DATA IN THIS EXERCISE:
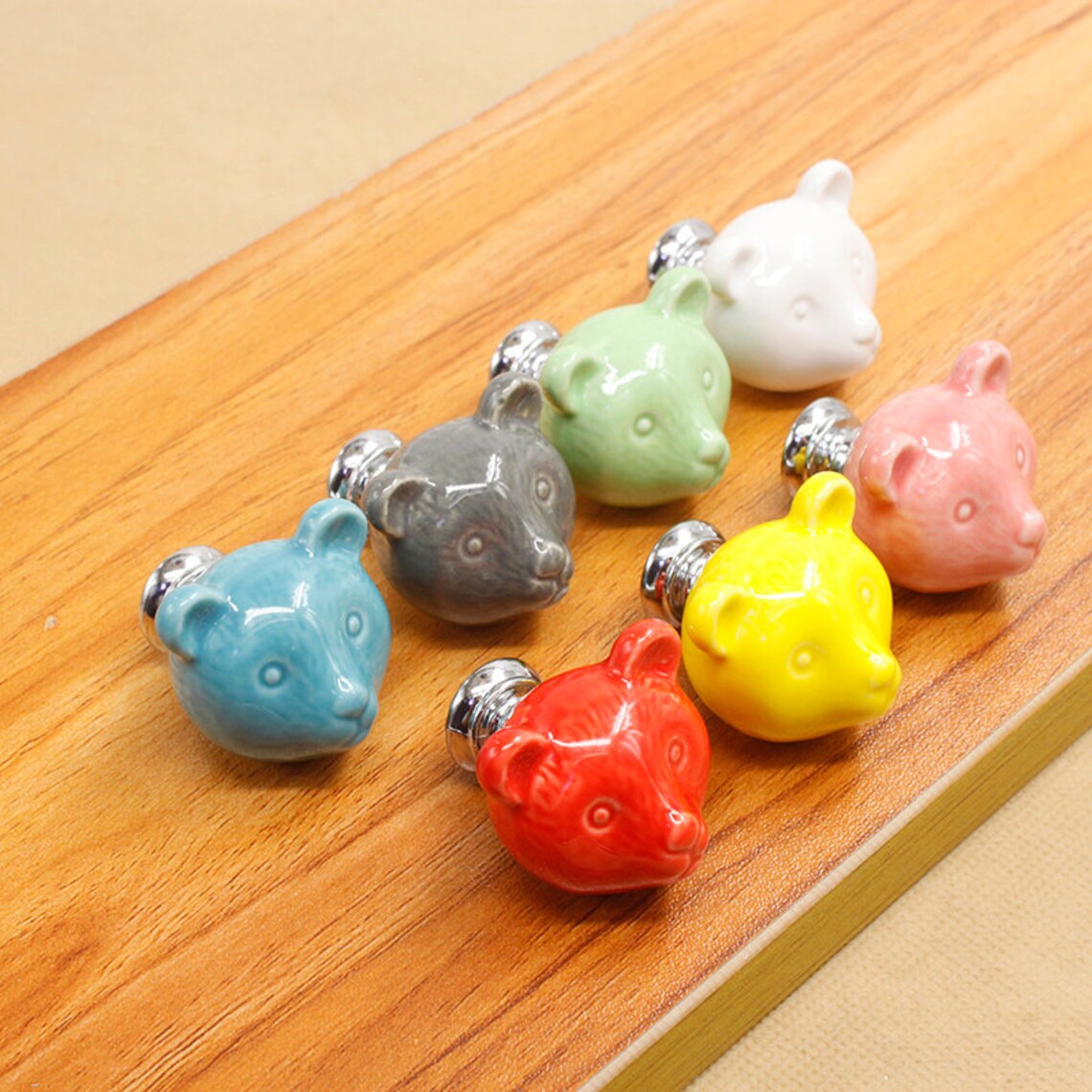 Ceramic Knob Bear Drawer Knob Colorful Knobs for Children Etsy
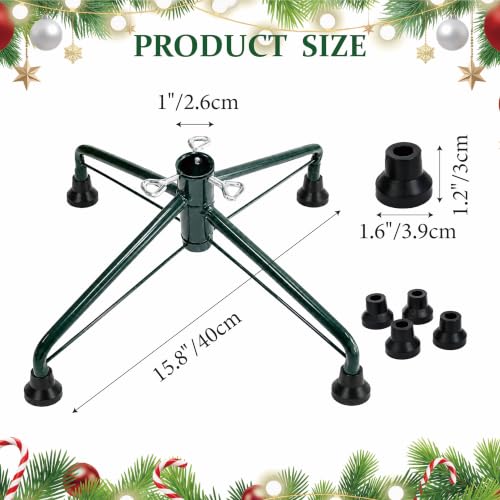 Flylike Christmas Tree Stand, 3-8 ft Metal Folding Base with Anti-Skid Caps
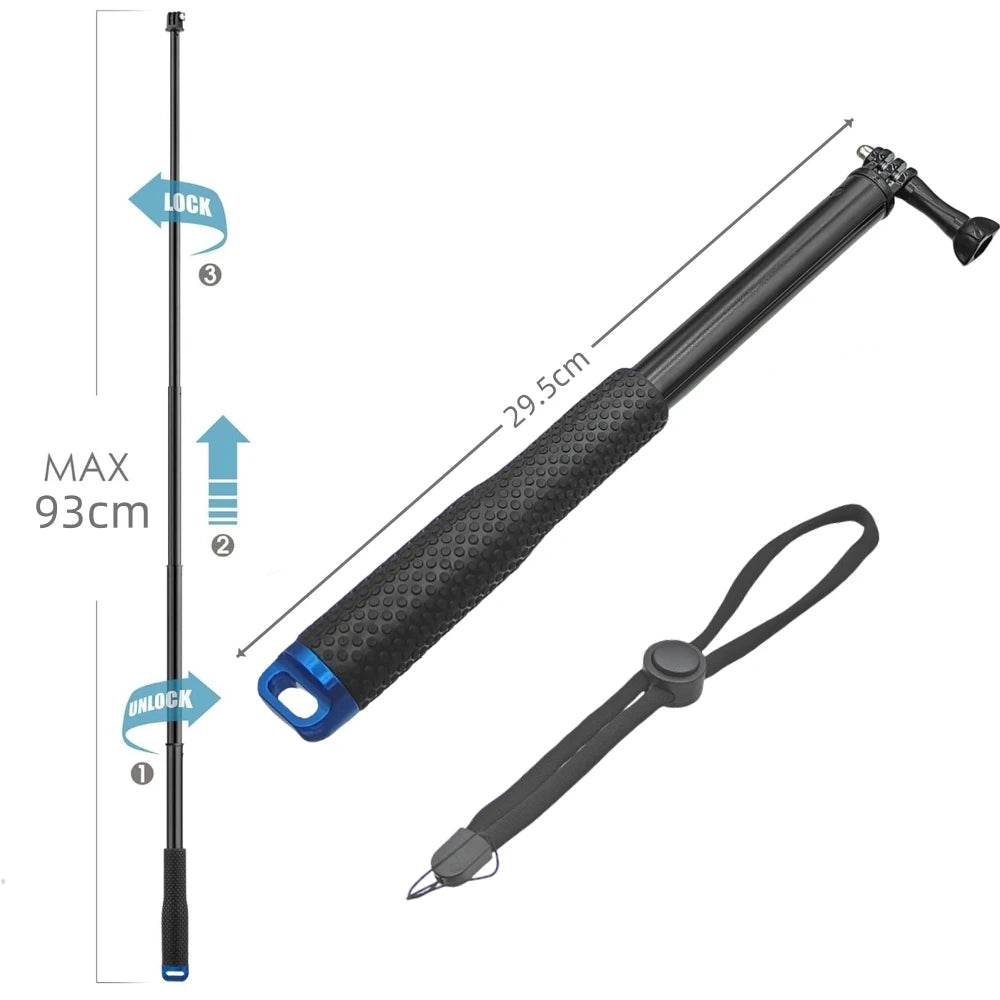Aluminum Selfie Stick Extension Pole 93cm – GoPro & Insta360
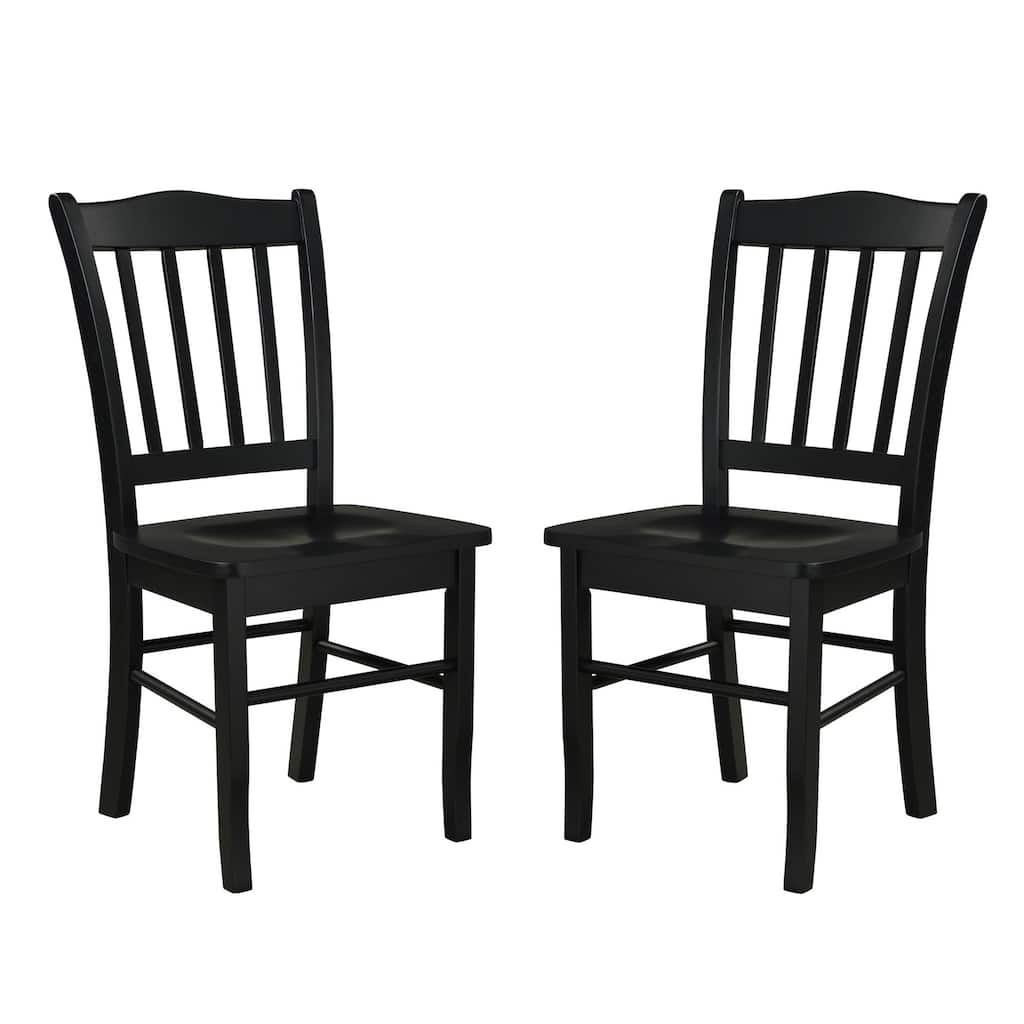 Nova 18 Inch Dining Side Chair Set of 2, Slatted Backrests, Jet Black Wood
---
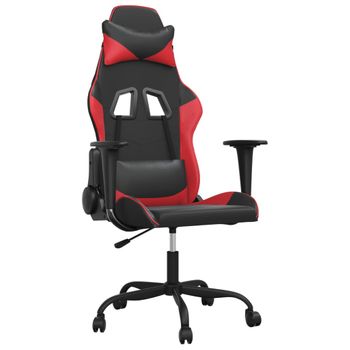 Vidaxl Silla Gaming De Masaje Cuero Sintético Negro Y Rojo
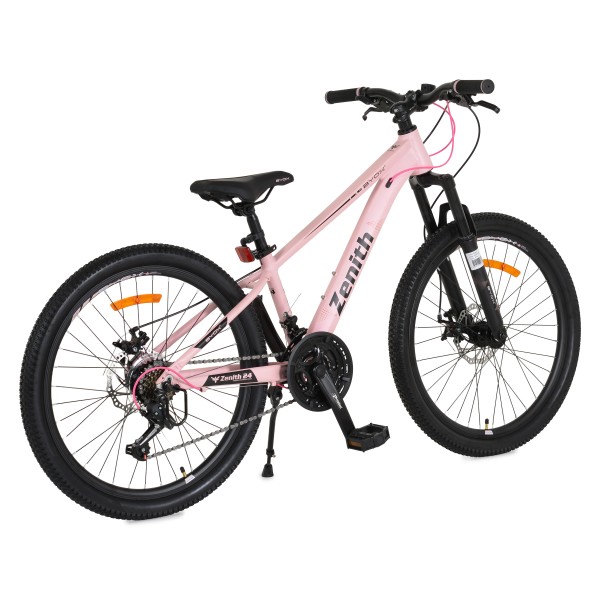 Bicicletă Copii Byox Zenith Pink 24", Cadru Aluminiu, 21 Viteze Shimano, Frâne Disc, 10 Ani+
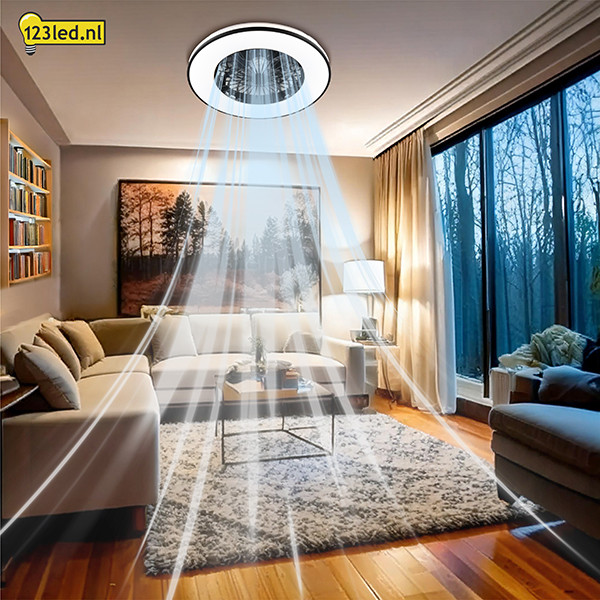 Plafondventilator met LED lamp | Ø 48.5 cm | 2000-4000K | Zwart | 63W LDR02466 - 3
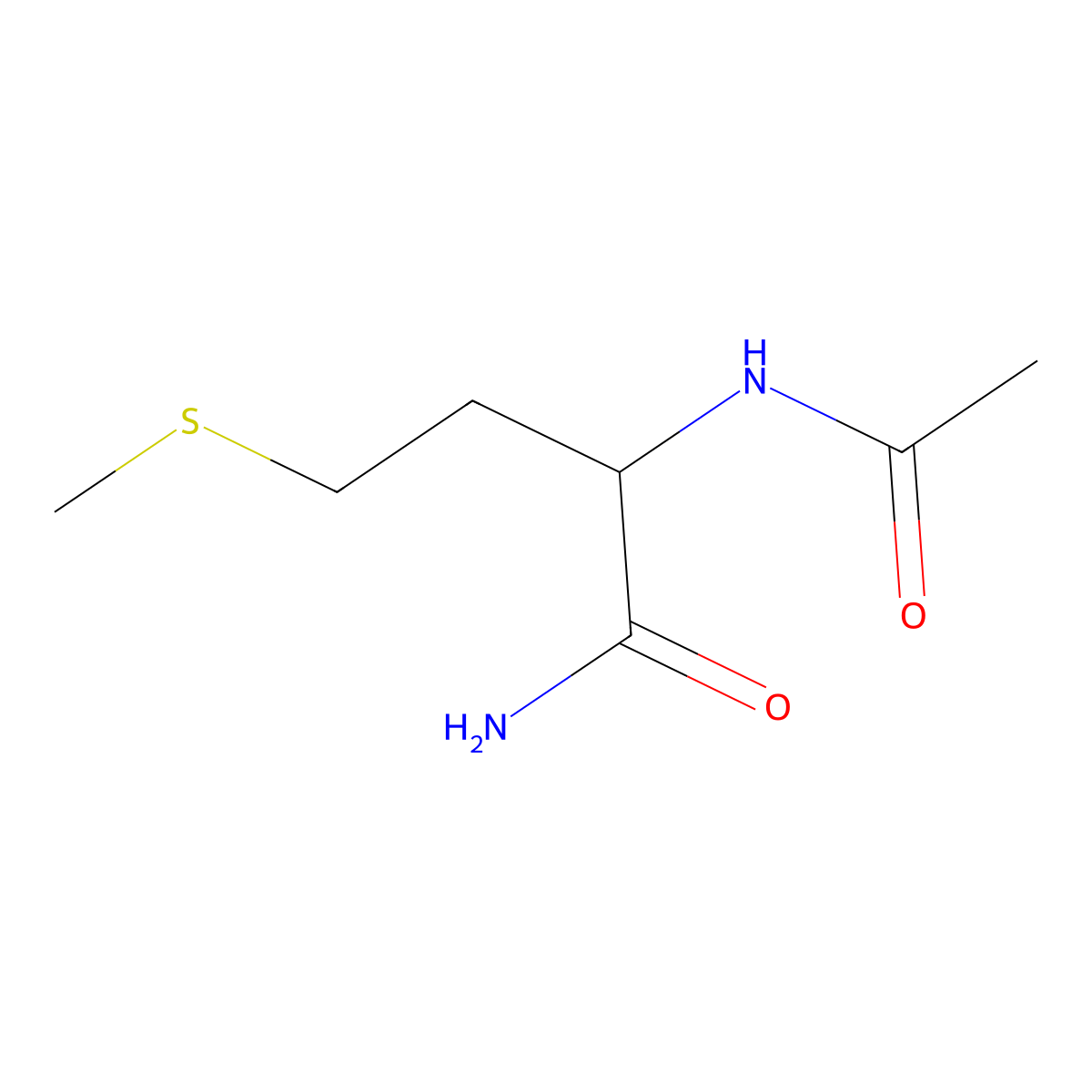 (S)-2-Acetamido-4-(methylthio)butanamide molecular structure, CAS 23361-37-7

EXERCISE INSTRUCTIONS: In the listing above, find the line with "Ceramic Knob Bear" and the line with "Nova 18 Inch". Output both, plus every line between them, and no pictures.

TASK OUTPUT:
 Ceramic Knob Bear Drawer Knob Colorful Knobs for Children Etsy
 Flylike Christmas Tree Stand, 3-8 ft Metal Folding Base with Anti-Skid Caps
Aluminum Selfie Stick Extension Pole 93cm – GoPro & Insta360
 Nova 18 Inch Dining Side Chair Set of 2, Slatted Backrests, Jet Black Wood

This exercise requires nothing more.